Je vois tout cela en la regardant du coin de l’œil, lorsque je pense qu’on ne me remarque pas. Quand je rencontre les regards d’Adolphine, je baisse aussitôt les miens, et cependant je vois toujours dans les siens de la douceur et de l’amitié.
La terre de madame est située dans les environs de Fontainebleau. Nous roulons jusqu’à six heures du soir; alors la voiture entre dans une superbe maison qui s’avance sur le bord de la route. Nous entrons dans une vaste cour fermée par un mur à grille. Le concierge accourt; bientôt arrivent le jardinier et sa femme.
—C’est madame! répètent ces bonnes gens, et je vois la joie, le plaisir briller dans leurs yeux.
En un moment, le bruit de l’arrivée de madame la comtesse se répand dans les environs; nous ne sommes pas encore entrés dans l’intérieur de la maison, et déjà une foule de villageois, vieillards, enfants, jeunes mères, accourent témoigner à la bonne Caroline le bonheur que leur fait éprouver son arrivée; partout où elle a passé on la chérit, car partout elle marque sa présence par des bienfaits.
Quelle touchante réception lui font les habitants de l’endroit! Ce n’est point un seigneur qui vient visiter sa terre, et auquel les paysans tirent des pétards par ordre de l’intendant en poussant quelques cris d’allégresse que démentent leurs visages; ce n’est point une suzeraine qui vient recevoir les hommages de ses vassaux et écoute en bâillant la harangue d’usage; c’est une femme bienfaisante qui n’emploie sa fortune qu’à secourir les indigents, à faire des heureux. La gaieté que cause son retour est franche, naturelle; c’est une mère qui revient au milieu de ses enfants.

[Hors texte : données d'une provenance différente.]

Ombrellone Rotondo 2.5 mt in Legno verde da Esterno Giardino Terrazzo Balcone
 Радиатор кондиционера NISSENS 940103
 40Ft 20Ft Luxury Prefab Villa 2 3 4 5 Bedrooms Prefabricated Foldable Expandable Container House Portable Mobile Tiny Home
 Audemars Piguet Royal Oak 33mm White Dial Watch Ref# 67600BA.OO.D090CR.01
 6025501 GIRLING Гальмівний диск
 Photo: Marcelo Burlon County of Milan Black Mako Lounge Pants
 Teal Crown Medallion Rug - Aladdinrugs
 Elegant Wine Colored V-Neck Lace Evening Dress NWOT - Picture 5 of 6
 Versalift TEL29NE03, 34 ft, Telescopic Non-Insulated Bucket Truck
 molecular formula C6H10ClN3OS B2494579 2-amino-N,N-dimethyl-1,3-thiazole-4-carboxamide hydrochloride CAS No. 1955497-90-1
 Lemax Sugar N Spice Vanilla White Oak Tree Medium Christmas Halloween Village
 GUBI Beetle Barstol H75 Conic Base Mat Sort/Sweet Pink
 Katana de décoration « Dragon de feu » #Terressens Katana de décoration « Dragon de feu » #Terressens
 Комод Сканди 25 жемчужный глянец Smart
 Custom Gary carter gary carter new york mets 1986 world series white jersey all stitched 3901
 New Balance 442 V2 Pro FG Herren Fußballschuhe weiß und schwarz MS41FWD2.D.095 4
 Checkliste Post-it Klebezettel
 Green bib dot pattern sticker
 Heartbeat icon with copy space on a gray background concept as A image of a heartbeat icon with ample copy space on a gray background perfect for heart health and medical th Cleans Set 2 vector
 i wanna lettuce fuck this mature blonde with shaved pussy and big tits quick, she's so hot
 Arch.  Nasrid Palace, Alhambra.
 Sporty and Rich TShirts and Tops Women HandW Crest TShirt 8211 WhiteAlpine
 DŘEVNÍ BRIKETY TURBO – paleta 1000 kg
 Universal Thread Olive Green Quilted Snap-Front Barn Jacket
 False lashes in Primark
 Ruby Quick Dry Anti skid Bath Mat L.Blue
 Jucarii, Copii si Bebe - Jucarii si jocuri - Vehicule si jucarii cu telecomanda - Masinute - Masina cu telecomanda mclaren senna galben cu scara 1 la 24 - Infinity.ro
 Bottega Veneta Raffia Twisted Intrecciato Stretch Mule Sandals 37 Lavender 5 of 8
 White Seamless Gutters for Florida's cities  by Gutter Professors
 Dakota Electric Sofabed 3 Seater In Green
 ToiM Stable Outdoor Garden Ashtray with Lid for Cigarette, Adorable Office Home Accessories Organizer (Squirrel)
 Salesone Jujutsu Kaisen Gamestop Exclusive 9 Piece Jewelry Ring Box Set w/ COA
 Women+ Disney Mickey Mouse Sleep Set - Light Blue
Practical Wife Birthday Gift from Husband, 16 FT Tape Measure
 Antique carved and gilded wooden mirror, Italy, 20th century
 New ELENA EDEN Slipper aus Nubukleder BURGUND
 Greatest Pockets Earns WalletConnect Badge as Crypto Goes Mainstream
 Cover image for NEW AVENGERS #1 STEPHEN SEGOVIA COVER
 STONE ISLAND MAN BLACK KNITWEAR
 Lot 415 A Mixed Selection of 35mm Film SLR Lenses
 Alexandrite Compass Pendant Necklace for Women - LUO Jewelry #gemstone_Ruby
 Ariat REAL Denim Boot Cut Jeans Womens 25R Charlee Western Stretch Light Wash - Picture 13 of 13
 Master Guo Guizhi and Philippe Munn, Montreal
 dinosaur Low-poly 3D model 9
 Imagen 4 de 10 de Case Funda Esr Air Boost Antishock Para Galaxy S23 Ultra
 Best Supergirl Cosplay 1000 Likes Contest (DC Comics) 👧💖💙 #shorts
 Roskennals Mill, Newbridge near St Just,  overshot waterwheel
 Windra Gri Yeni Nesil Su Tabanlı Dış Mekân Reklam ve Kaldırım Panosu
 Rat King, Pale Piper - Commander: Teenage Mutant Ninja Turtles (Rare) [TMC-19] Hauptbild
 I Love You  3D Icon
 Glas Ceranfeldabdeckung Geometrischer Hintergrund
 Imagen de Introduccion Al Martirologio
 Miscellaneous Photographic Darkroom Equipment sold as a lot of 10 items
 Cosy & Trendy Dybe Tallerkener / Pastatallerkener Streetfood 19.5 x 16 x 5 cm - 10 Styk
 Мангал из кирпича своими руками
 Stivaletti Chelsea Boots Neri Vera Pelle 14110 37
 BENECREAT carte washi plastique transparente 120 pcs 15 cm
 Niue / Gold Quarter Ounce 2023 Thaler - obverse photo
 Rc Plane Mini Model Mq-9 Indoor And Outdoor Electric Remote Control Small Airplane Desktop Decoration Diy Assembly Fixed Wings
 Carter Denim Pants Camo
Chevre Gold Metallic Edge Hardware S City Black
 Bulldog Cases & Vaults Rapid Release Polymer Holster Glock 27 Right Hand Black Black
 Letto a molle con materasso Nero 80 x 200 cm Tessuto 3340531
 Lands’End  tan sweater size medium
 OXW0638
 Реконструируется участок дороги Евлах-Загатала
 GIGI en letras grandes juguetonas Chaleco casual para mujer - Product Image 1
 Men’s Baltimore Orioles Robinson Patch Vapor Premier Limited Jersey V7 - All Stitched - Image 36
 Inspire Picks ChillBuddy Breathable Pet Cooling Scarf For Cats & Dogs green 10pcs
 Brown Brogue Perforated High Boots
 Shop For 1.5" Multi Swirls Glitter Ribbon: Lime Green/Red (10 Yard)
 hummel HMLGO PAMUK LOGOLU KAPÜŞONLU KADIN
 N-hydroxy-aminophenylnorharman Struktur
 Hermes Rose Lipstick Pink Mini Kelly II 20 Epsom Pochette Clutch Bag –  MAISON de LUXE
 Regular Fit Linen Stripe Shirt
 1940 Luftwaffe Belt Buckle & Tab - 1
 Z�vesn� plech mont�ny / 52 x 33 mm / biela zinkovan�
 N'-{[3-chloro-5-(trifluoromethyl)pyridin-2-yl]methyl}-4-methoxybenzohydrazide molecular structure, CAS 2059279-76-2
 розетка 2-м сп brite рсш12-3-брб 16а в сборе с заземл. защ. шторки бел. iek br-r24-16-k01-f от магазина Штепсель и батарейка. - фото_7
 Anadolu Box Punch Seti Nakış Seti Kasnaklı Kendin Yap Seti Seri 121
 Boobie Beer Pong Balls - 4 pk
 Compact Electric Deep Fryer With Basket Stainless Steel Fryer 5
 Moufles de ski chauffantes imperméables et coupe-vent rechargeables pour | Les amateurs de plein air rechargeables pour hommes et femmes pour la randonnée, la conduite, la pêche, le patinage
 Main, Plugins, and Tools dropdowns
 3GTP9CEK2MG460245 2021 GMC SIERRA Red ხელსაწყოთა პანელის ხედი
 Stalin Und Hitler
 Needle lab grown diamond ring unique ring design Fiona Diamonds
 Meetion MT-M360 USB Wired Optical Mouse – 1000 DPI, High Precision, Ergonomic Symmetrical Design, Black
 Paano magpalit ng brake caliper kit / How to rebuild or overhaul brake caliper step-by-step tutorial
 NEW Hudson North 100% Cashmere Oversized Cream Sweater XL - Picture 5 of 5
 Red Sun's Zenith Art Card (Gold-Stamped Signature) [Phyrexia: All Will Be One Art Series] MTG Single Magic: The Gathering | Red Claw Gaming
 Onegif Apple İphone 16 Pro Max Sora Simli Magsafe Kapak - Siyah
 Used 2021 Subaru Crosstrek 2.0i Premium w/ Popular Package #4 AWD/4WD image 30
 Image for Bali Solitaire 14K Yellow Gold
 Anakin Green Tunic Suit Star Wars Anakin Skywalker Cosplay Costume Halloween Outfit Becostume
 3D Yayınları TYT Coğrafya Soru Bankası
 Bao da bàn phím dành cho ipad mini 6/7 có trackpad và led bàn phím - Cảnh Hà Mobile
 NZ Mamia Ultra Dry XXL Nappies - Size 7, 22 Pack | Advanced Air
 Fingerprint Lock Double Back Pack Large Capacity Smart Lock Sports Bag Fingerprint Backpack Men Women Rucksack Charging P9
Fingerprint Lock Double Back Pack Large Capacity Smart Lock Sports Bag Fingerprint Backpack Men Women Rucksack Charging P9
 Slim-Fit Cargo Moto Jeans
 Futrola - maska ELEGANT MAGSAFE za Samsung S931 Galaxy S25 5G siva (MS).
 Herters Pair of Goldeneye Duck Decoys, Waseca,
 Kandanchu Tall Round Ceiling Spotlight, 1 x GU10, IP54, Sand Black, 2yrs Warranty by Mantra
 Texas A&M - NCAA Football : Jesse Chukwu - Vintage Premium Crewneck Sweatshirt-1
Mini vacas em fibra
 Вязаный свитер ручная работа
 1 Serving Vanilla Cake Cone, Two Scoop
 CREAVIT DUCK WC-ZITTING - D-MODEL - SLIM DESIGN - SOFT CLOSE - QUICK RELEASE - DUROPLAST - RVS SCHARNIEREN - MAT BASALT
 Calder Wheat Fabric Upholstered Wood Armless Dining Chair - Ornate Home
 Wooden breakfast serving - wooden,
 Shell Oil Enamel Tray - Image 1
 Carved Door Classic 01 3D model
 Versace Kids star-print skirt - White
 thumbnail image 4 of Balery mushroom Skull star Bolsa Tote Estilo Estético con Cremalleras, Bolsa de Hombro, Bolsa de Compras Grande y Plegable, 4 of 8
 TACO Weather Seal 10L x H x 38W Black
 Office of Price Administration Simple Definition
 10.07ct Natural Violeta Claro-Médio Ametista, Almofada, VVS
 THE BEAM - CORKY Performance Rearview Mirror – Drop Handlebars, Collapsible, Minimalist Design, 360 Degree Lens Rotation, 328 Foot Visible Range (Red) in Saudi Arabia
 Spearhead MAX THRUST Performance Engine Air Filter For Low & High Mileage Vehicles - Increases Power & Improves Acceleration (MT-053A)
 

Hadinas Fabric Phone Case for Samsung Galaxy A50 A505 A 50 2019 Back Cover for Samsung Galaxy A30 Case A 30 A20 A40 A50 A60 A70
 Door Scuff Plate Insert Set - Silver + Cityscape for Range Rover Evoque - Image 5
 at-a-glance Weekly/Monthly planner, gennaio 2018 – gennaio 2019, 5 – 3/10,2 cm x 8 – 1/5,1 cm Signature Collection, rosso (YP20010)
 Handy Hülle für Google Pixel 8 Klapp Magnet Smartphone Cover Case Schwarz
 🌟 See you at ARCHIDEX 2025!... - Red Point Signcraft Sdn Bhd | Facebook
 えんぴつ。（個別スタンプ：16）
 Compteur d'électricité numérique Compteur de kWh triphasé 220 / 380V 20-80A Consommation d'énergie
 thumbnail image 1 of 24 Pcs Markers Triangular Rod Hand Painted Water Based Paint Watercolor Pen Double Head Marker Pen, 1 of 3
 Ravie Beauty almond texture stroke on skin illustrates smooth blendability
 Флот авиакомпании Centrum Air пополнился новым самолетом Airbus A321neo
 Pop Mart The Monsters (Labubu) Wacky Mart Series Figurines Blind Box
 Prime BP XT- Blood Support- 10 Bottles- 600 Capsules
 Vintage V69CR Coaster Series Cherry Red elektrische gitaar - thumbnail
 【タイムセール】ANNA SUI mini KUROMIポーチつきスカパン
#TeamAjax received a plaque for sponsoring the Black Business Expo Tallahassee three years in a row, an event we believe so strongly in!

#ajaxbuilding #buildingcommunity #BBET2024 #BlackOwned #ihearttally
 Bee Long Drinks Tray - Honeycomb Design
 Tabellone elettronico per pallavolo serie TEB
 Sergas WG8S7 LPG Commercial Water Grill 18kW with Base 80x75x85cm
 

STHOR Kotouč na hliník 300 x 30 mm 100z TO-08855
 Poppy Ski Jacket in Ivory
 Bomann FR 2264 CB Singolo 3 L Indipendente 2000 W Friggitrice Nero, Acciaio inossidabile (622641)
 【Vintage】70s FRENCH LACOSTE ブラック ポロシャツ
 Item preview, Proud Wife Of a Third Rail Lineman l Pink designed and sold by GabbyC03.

La joie des paysans est d’autant plus vive que, l’année précédente, madame la comtesse, retenue à Paris par divers motifs, n’a pu se rendre à sa terre. Elle répond avec amitié à tous ceux qui l’entourent; elle les fait connaître à sa fille en lui disant tout bas:
—Tu vois, ma chère Adolphine, comme ces bonnes gens m’aiment; et je n’ai cependant fait que veiller sur leurs intérêts en aidant les pauvres, en récompensant le travail, et surtout en ne laissant commettre aucune injustice. Il est facile de se faire aimer!... il ne faut pour cela que faire le bien soi-même... En passant par trop de mains, le bienfait perd de son charme, et souvent on en oublie la source.
—Et M. le comte, dis-je tout bas à Lucile, est-il reçu comme cela?
—Ah! c’est bien différent!... On lui tire des pétards, des coups de fusil; on lui fait des compliments; c’est Champagne qui ordonne tout cela d’avance. M. de Francornard fait mordre par César ceux qui n’ont pas l’air content de son arrivée.
Pendant que madame et sa fille vont se reposer, Lucile me propose de visiter avec elle toute la maison. Je ne demande pas mieux, et je suis mon aimable conductrice.